Larangan Politik di Masjid, Gak Jelas Batas-batasnya
10Berita, Pernyataan Menteri Agama Lukman Hakim Saifuddin yang melarang para ustadz dan ulama berceramah dengan sisipan agenda politik praktis di masjid dinilai rancu.
Dewan Pakar ICMI Pusat Anton Tabah Digdoyo mempertanyakan batasan serta dari ceramah politik di tempat ibadah itu.
“Politik yang seperti apa? Bagaimana batasan dan definisinya? Apalagi dikaitkan jelang pilkada serentak tahun ini dan pemilu presiden 2019 yang diistilahkan sebagai tahun politik panas,” kata Anton seperti keterangan yang diterima redaksi (Jumat, 20/4).
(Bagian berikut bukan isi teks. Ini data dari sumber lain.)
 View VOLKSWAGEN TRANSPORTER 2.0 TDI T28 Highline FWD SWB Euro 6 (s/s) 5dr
Dia menambahkan, jika dikaitkan dengan pilkada, pemilu itu hakekatnya memilih pemimpin dari tingkat kabupaten, kota provinsi hingga presiden dan juga anggota legislatif.
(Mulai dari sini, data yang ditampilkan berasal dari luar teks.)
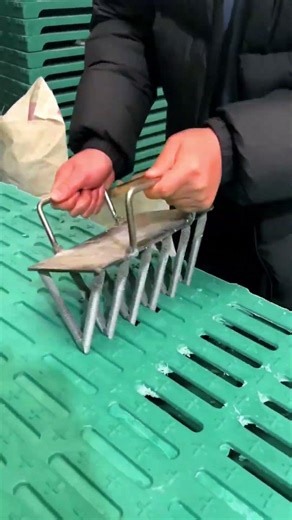 Plastic slatted floor panels production efficient molding process 🧩 #shorts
“Di dalam agama Islam, semua telah diatur di kitab suci Al Quran dan Sunnah, karena risalah yang dibawa Nabi terakhir sangat komplit dan detil,” jelas Anton.
“Jangkankan memilih pemimpin, memilih teman karib juga diatur dalam Al Quran harus seiman (Qs.3/118), memilih pasangan diatur harus seiman (Qs.2/221), apalagi memilih pemimpin di mayoritas Muslim juga wajib seiman,” tambahnya.
Karena itulah Anton menilai bahwa larangan ceramah politik di masjid-masjid terkait masalah memilih pemimpin itu keliru.
“Memilih pemimpin harus seiman itu ibadah, bukan muamalat,” tegasnya.